Hi,
Semi-new user of Julia and Turing here! I have been using Flux together with Turing to sample from a small NN with NUTS. I have come across different discussions online about where to find information regarding divergences, but found very little in the official documentation. From reading discussion threads, I have some questions regarding how divergent transitions is handled and presented in Turing (highlighted in bold):

According to the thread Documentation for internals in Chains object · Issue #339 · TuringLang/MCMCChains.jl · GitHub, the numerical_error field in the chain object directly corresponds to the number of divergences encountered during the sampling (Hamiltonian error is higher than the set threshold). That is, for each sample in the chain we either have a 1 if a divergence occurred during the leapfrog steps, and 0 otherwise. So if we have a numerical error (=divergence?) from one sample to the next we have a 1. I assume that Turing (like Stan) never accept this divergent sample as our new sample, and instead redo the proposal process from the latest sample. Is that correct? But in that case, what if we have multiple errors in a row? Will this count up the number in numerical_error? It seems I never get more than a 1.0 here. For chains that are hundreds of samples long they never climb above 1, even chains that have a lot of numerical errors stay at a maximum of 1.0.

Secondly, it seems that Julia provides (or at some point provided) warnings regarding numerical errors, as shown in this thread Numerical errors in logit normal model using Turing.jl. Can we be given warnings during/after sampling (like in Stan), or can we only extract it from the resulting chain object?

Finally, during my experiments I suspect that some chains get stuck in a bad region of the posterior, as some take a long time to complete sampling. Therefore, when sampling many chains simultaneously it would be nice to be able to shut down chains that get a lot of divergences. Is there a way to get information of a divergence from a chain during sampling, and in that case shut it down?

I am even newer than you! Started using Turing today. Can only say that conditionally aborting chains will break the assumptions of the sampler’s detailed balance laws and bias your distributions. It’s (of course) better to consider how to modify your likelihood or transform your variables to avoid such regions if you can . Your project sounds cool!
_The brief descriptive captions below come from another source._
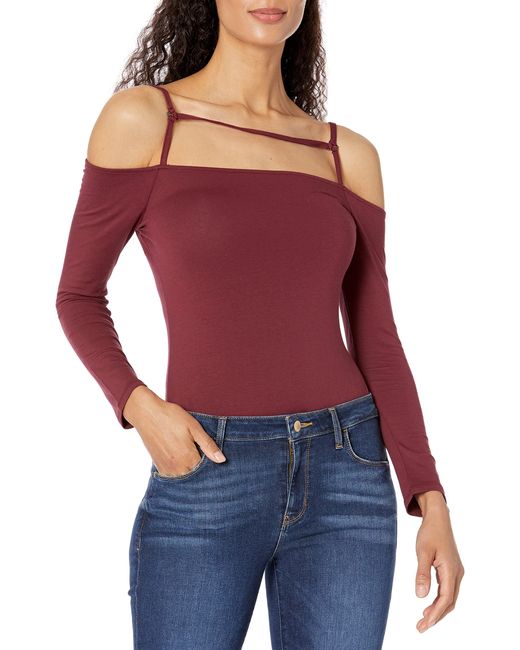 Guess Red Long Sleeve Malaya Harnessed Bodysuit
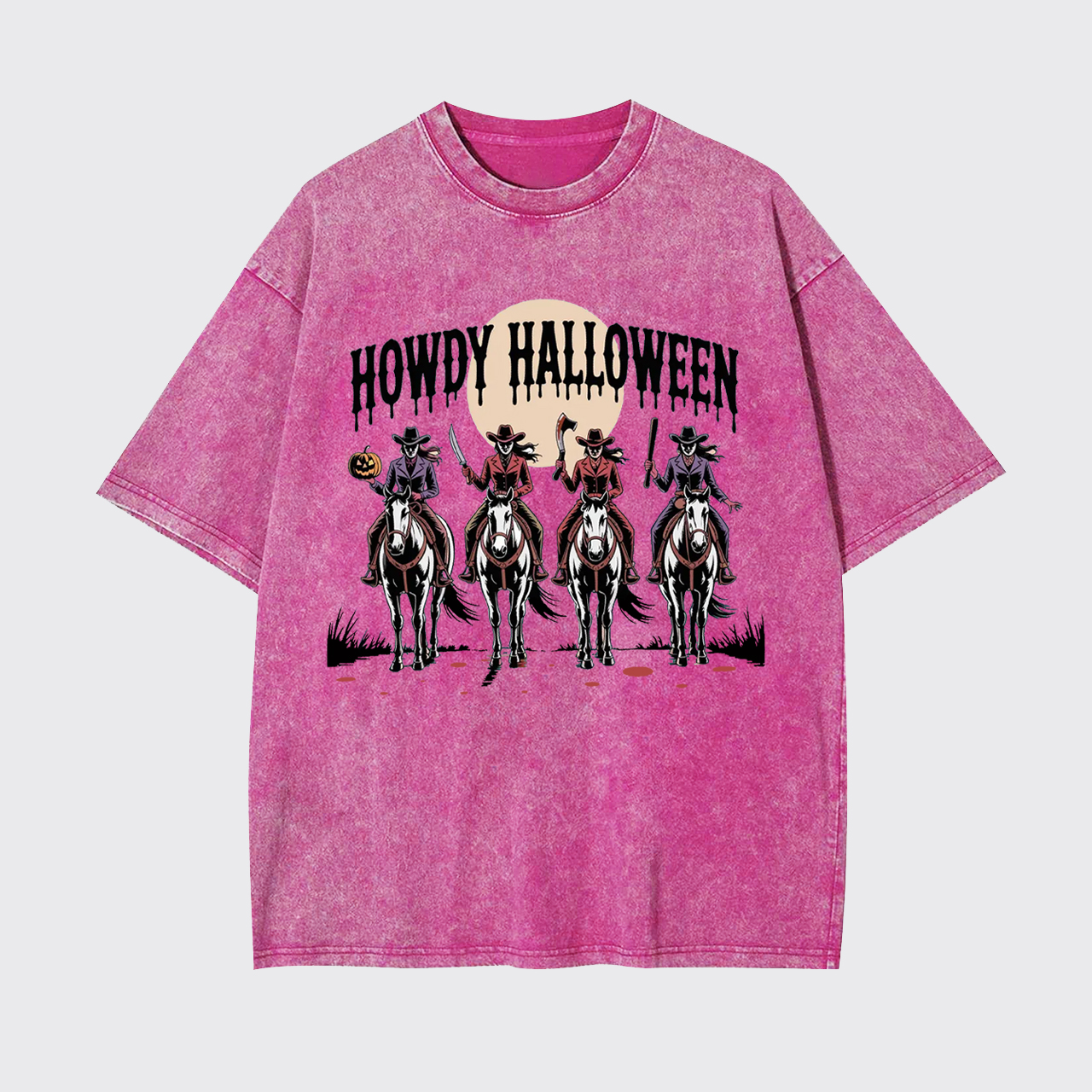 Cowgirl Riding Halloween Garment-dye Tees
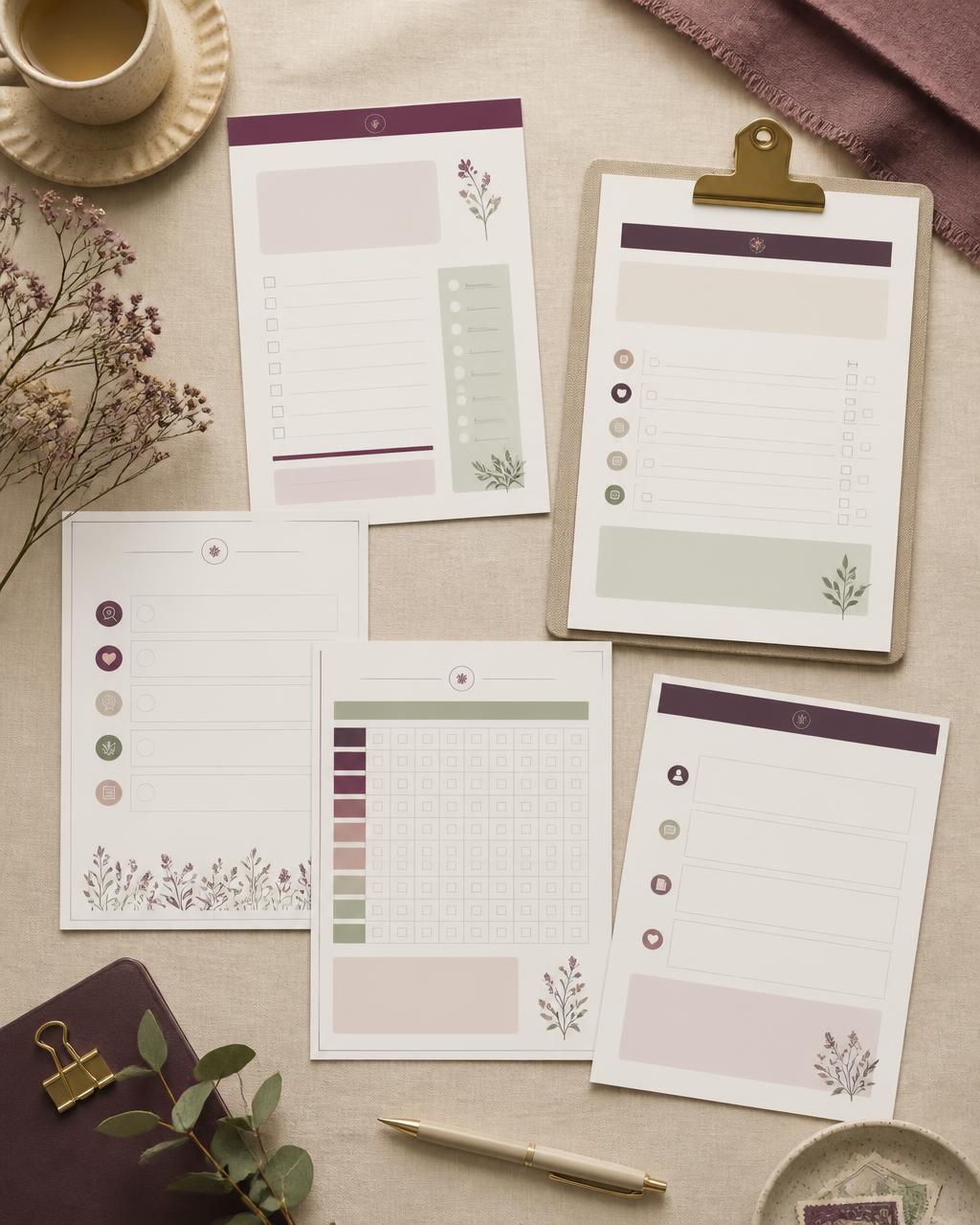 Printed Appointment Prep Pack pages with checklists and trackers on a clipboard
Thanks for the input, much appreciated!
I agree that avoiding those troublesome regions is the best solution! However, since I am using a neural net, completely avoiding divergences is (as far as I know) nearly impossible. When you say that aborting chains that diverge will bias the distributions, are you referring to the fact that we then only include samples of the posterior for areas that are easy to sample from (that do not encounter divergences). Or is there something else at play here?

If I understand the discussion in this thread correctly Are outputs with divergent transitions not at all useful? - #9 by llx - General - The Stan Forums, the fact that we have divergences will mean that we no longer have a complete quantification of the posterior. And so, if we have divergences in our chains, our sampling is already biased. But to your point, it seems to me that the posterior distribution becomes less biased if we include the chains that encountered divergences, rather than only pick chains without any divergences.

Like consider sampling from a Beta(α,α) distrbution. In the limit α goes to zero you get two δ-functions at p = 0 and p = 1. With α = 0 or even very small α, your sampler is supposed to get stuck around 0 and 1 to recover that very large relative mass around these points. If you terminate the sampling whenever you get stuck, you will generate samples from a completely different distribution, one which isn’t even “close” (in a KL-divergence sense) to the distribution you are targeting, it wont have mass at 0 and 1! Notes that a logit coordinate transformation can remove these singularities and make sampling better except when α is exactly equal to 0, which is pathological in a deeper sense of being a discrete distribution.

This is just to illustrate the terminating-introduces-bias point. However your case is a bit different since you are making your own likelihood with a net. Maybe try something like a quadratic function + tanh activations to assure that you have a bounded output, so that your likelihood doesn’t diverge when you try and generalize outside your training set, or a kernalized mixture of experts that includes a default concave (gaussian) log-liklihood when none of your experts are confident. I dont know the details but failure to mix isn’t turings fault, because NUTS is very good. Its the fault of the log-ikelihood you built. It has to, at the least go to minus infinity at the data boundaries!